2016-10-10 Thread Jonathan Wakely

These DRs are only in Tentatively Ready status, but they're not
controversial so implementing them immediately seems sensible.

The deleted function is sufficient, but the static assertions are more
user-friendly (and are only tested once, not in every recursive call
to __gcd or __lcm).

* include/experimental/numeric (gcd, lcm): Make bool arguments
ill-formed.
* include/std/numeric (gcd, lcm): Likewise.
* testsuite/26_numerics/gcd/gcd_neg.cc: New test.
* testsuite/26_numerics/lcm/lcm_neg.cc: New test.

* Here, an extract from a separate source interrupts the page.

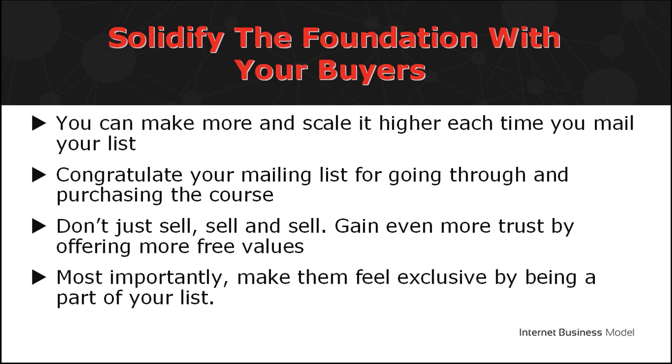Three, make them feel exclusive by being a part of your list. Always provide a call to action so they can respond.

Tested x86_64-linux, committed to trunk.

commit a785026d8d928a1492daf6919a57d6cda714f714
Author: Jonathan Wakely 
Date:   Mon Oct 10 11:58:27 2016 +0100

LWG 2733, LWG 2759 reject bool in gcd and lcm

* include/experimental/numeric (gcd, lcm): Make bool arguments
ill-formed.
* include/std/numeric (gcd, lcm): Likewise.
* testsuite/26_numerics/gcd/gcd_neg.cc: New test.
* testsuite/26_numerics/lcm/lcm_neg.cc: New test.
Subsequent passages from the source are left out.